» **Input data**
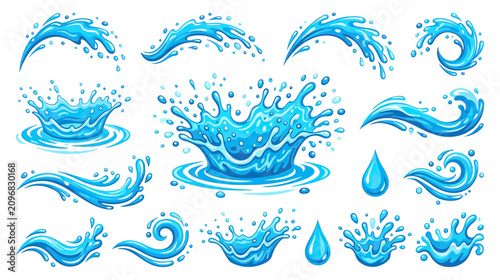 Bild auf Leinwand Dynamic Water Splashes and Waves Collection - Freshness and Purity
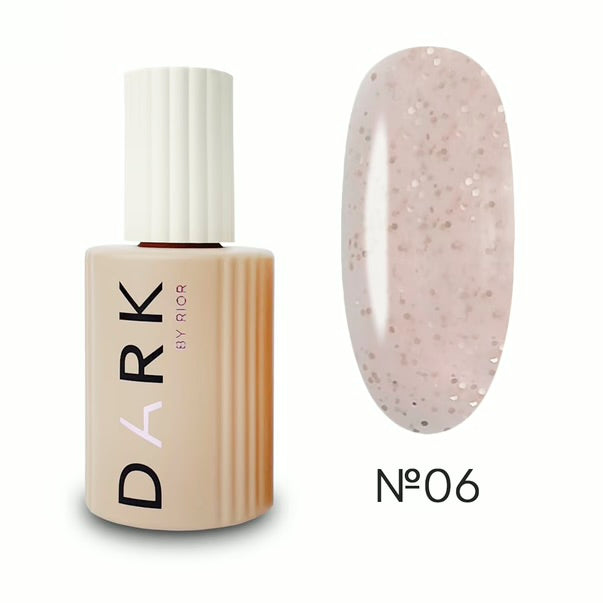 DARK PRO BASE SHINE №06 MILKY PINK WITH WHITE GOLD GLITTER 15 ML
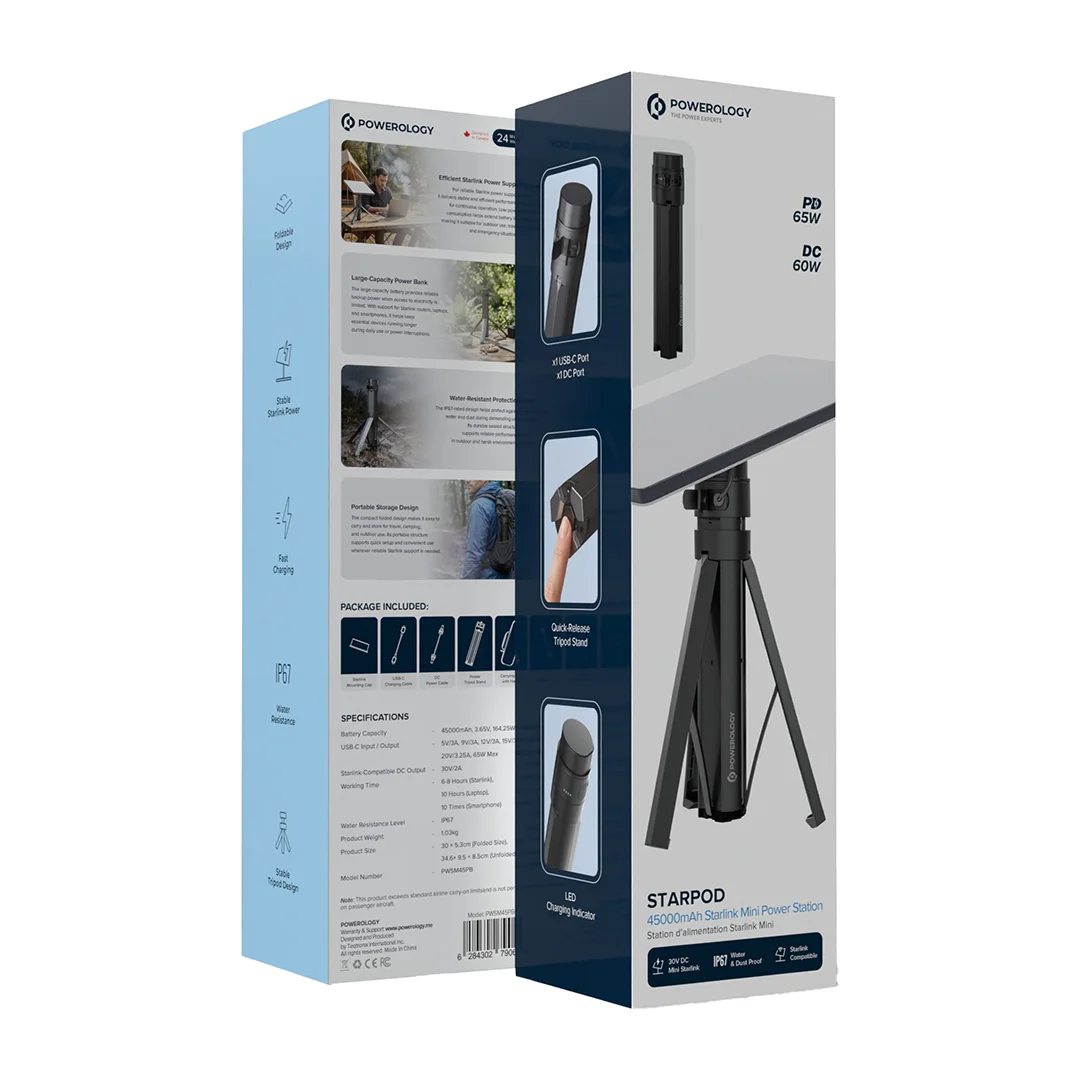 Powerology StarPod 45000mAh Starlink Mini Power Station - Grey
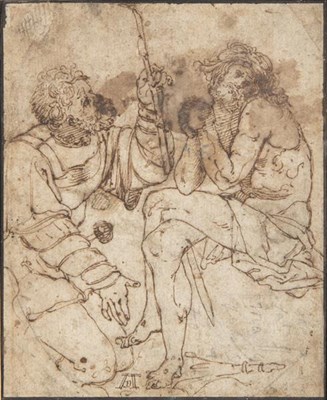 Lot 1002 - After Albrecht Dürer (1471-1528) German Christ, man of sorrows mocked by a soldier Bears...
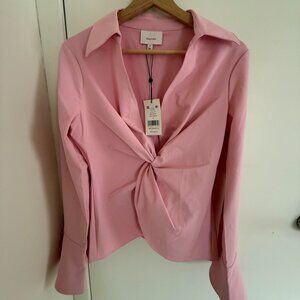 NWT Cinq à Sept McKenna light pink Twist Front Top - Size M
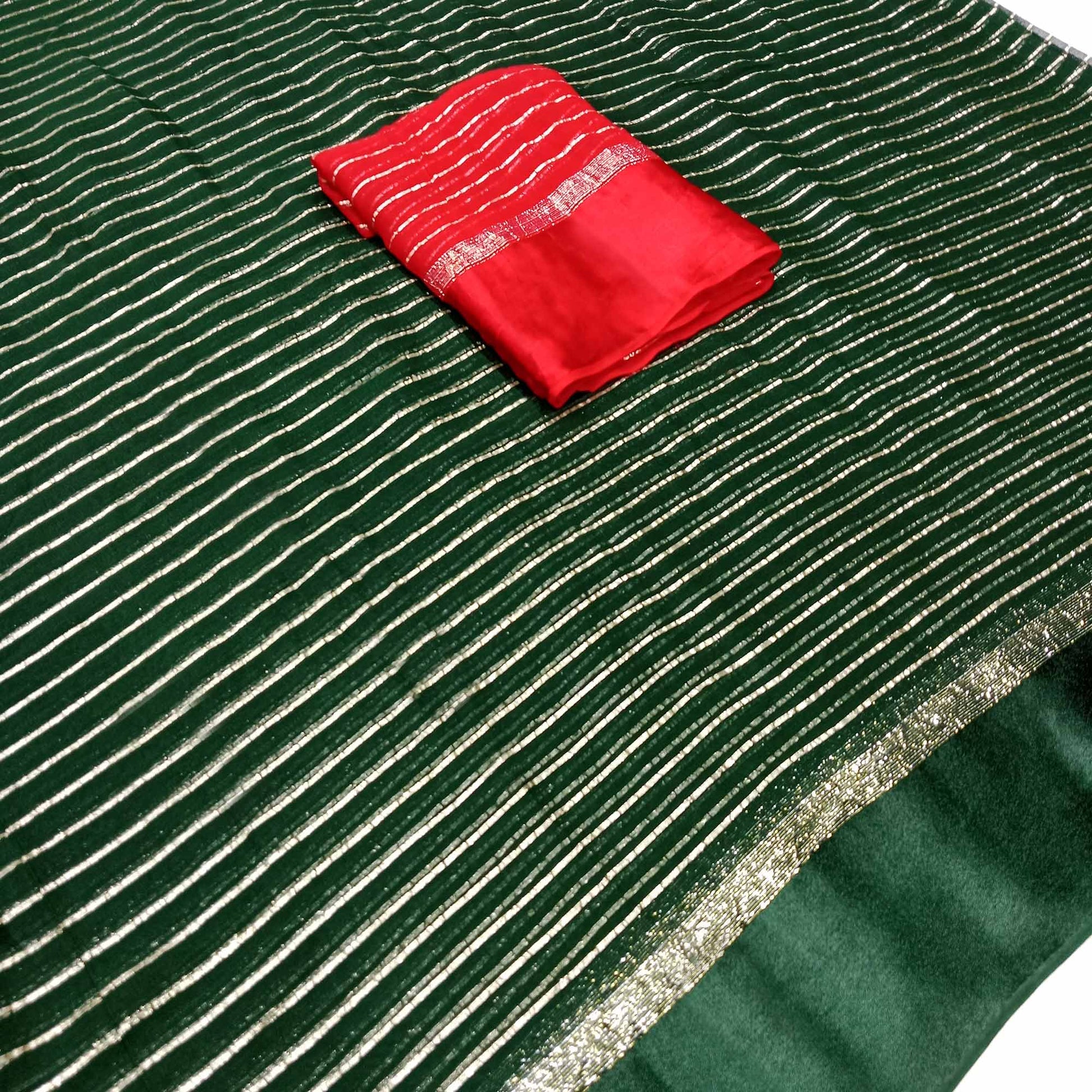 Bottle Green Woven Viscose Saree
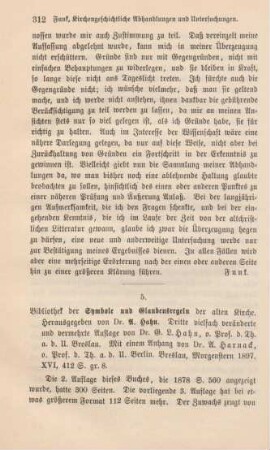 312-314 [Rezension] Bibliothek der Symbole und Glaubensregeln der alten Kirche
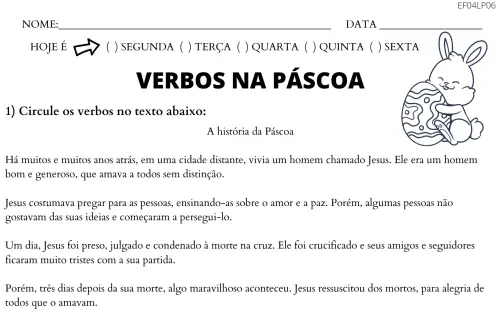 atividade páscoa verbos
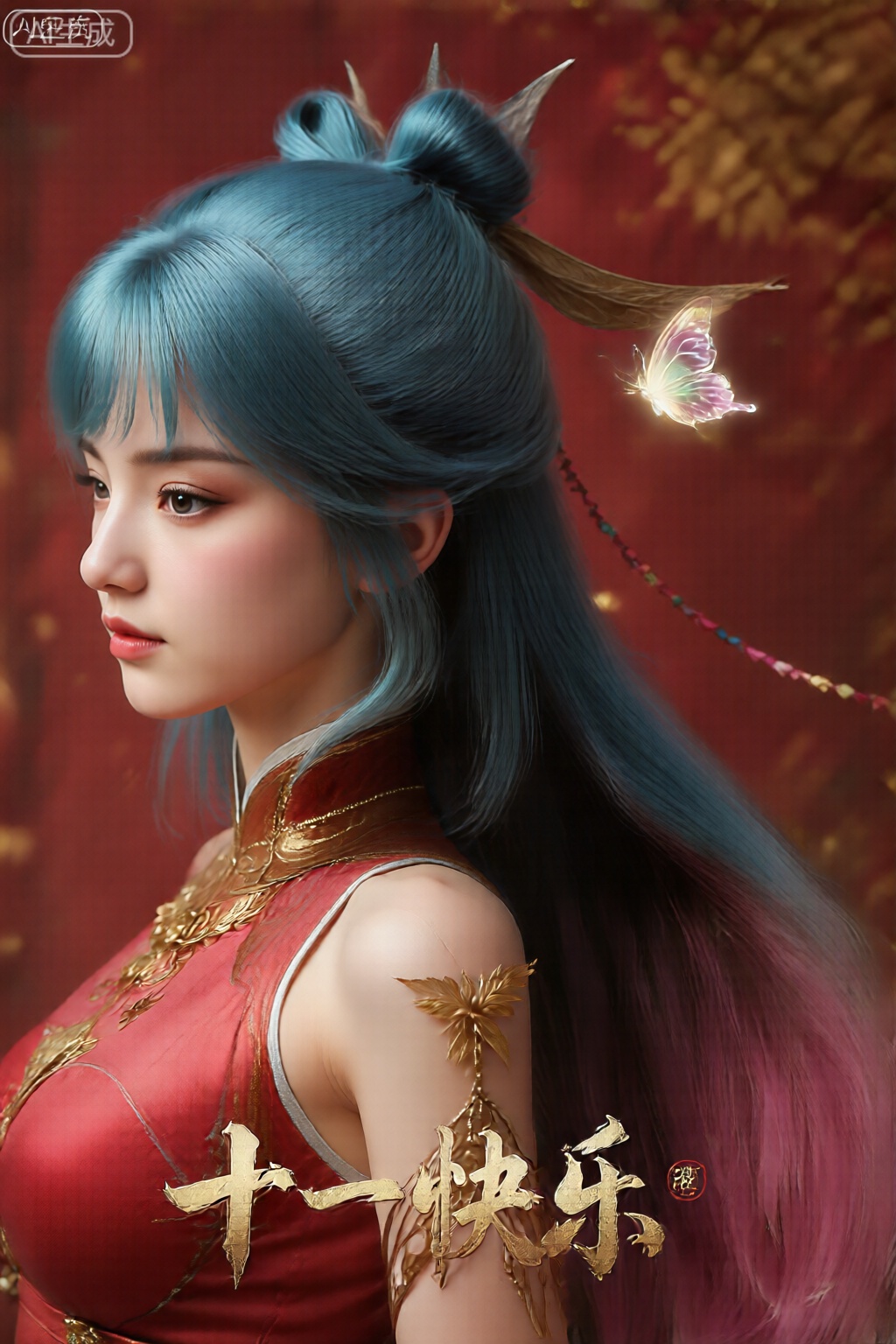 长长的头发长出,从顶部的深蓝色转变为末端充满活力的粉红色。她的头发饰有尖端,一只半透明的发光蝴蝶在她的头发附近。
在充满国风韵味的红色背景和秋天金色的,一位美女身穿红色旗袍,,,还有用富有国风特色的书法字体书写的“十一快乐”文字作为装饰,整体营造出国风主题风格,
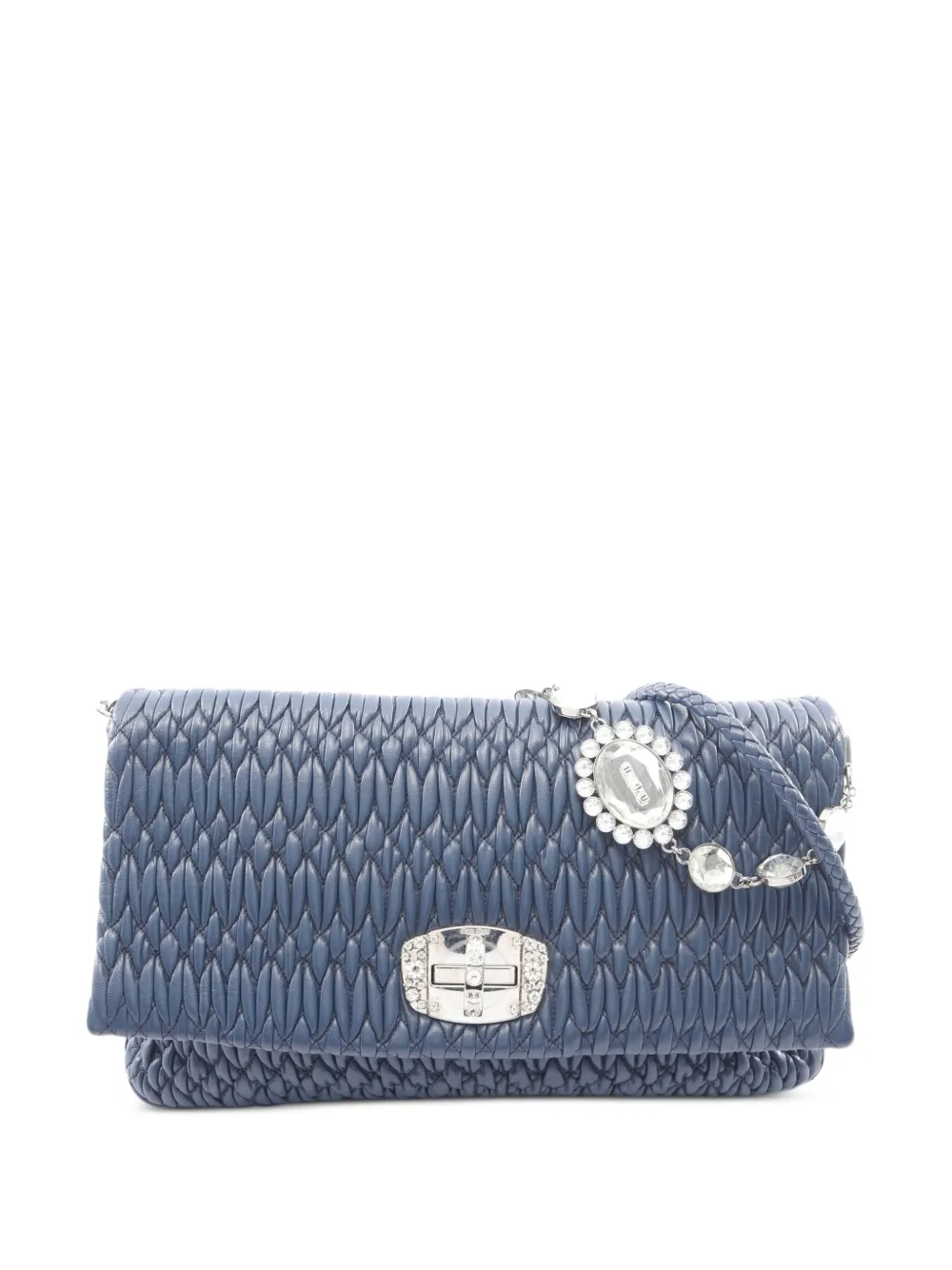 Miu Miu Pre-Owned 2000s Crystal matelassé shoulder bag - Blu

» **What you will do**
Output all of the data word for word, excluding any pictures.

» **Solution**
 Bild auf Leinwand Dynamic Water Splashes and Waves Collection - Freshness and Purity
 DARK PRO BASE SHINE №06 MILKY PINK WITH WHITE GOLD GLITTER 15 ML
 Powerology StarPod 45000mAh Starlink Mini Power Station - Grey
 Lot 1002 - After Albrecht Dürer (1471-1528) German Christ, man of sorrows mocked by a soldier Bears...
 NWT Cinq à Sept McKenna light pink Twist Front Top - Size M
 Bottle Green Woven Viscose Saree
 312-314 [Rezension] Bibliothek der Symbole und Glaubensregeln der alten Kirche
 atividade páscoa verbos
 长长的头发长出,从顶部的深蓝色转变为末端充满活力的粉红色。她的头发饰有尖端,一只半透明的发光蝴蝶在她的头发附近。
在充满国风韵味的红色背景和秋天金色的,一位美女身穿红色旗袍,,,还有用富有国风特色的书法字体书写的“十一快乐”文字作为装饰,整体营造出国风主题风格,
 Miu Miu Pre-Owned 2000s Crystal matelassé shoulder bag - Blu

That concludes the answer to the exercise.